Description of the task:
Only the lines below starting at the one that contains "陳凱詠內衣上陣派福利。" and ending at the one that contains "Furnished 3bdrm Apartment" are to be reproduced, exactly and with both ends kept.

Extracted entries:
....

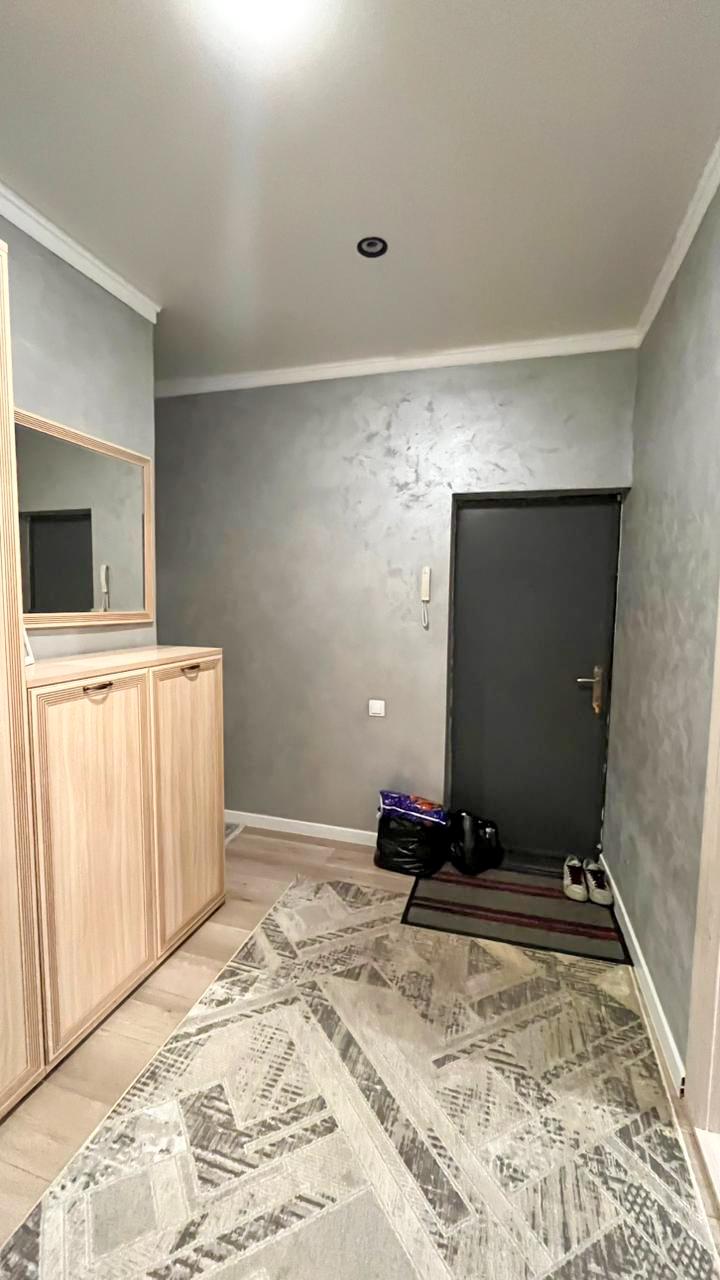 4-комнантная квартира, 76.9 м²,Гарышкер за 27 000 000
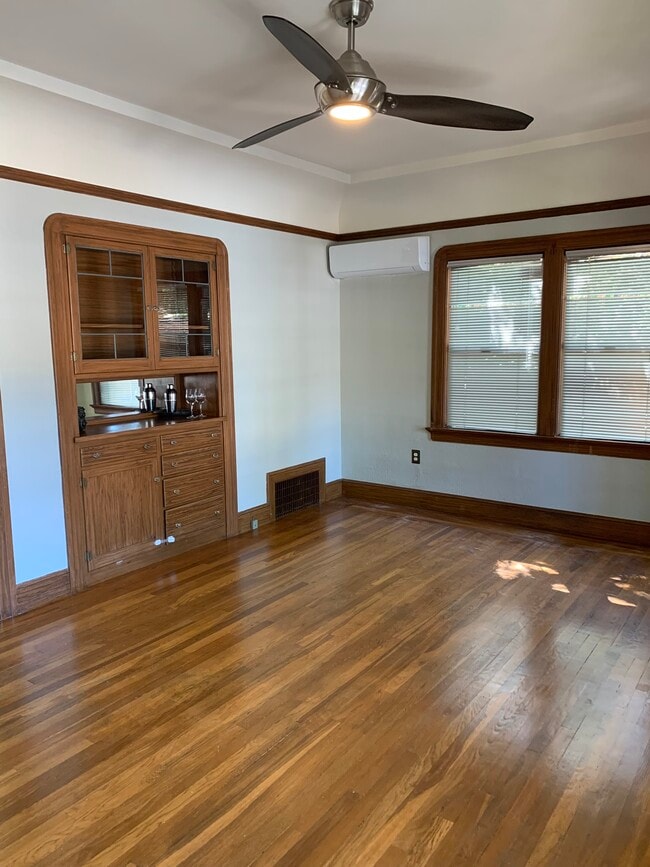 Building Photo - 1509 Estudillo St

....

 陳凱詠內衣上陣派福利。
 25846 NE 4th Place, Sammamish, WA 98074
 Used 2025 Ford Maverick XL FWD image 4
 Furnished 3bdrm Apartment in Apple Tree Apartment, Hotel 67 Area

....

Output below:
 陳凱詠內衣上陣派福利。
 25846 NE 4th Place, Sammamish, WA 98074
 Used 2025 Ford Maverick XL FWD image 4
 Furnished 3bdrm Apartment in Apple Tree Apartment, Hotel 67 Area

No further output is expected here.